Bank of America Corp.'s adoption of a cash balance pension plan in 1985 was the start of the biggest corporate pension plan makeover in decades.

Hundreds of employers, including many of the nation's biggest and best-known corporations, such as Cigna Corp., Hewlett Packard Co., IBM Corp. and Wells Fargo & Co., have followed in the path blazed by the San Francisco-based banking giant.

By 2005, 35% of Fortune 100 companies offered hybrid retirement plans, most of which were cash balance plans, according to Towers Watson & Co.

It is easy to understand why the plans became so popular among employers and employees. Accrued benefits were highly visible, with the benefit expressed as a cash lump sum.

The benefit formula was easy to understand, with the benefit earned each year expressed as a percent of salary, with interest, such as the current 30-year Treasury bond rate, also added to employees' accounts.

The benefit earned by employees was tied to their current salary. That meant shorter-service employees accrued benefits much faster compared with traditional final average pension plans, a key attraction for an ever mobile workforce.

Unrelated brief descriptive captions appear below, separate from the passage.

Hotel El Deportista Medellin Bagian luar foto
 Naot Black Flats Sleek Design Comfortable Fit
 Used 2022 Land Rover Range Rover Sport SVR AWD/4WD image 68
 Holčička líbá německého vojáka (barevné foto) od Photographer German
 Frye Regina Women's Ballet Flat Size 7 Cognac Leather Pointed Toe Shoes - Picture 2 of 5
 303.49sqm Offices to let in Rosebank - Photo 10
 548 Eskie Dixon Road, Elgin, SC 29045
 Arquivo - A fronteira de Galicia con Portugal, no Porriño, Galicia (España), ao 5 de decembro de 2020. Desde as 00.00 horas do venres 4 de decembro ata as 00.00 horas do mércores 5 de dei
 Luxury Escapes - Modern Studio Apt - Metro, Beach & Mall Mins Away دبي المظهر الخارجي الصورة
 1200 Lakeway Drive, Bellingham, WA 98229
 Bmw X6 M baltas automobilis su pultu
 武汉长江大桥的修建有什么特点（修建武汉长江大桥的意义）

For employers, the plans also were attractive. With nearly all plan participants taking their benefits as a cash lump sum when they terminated employment, employers were able to remove a liability from their financial statements.

That meant if retirees lived longer than expected, or if plan investments temporarily soured, employers didn't face added costs for those participants taking their accrued benefits as lump sums.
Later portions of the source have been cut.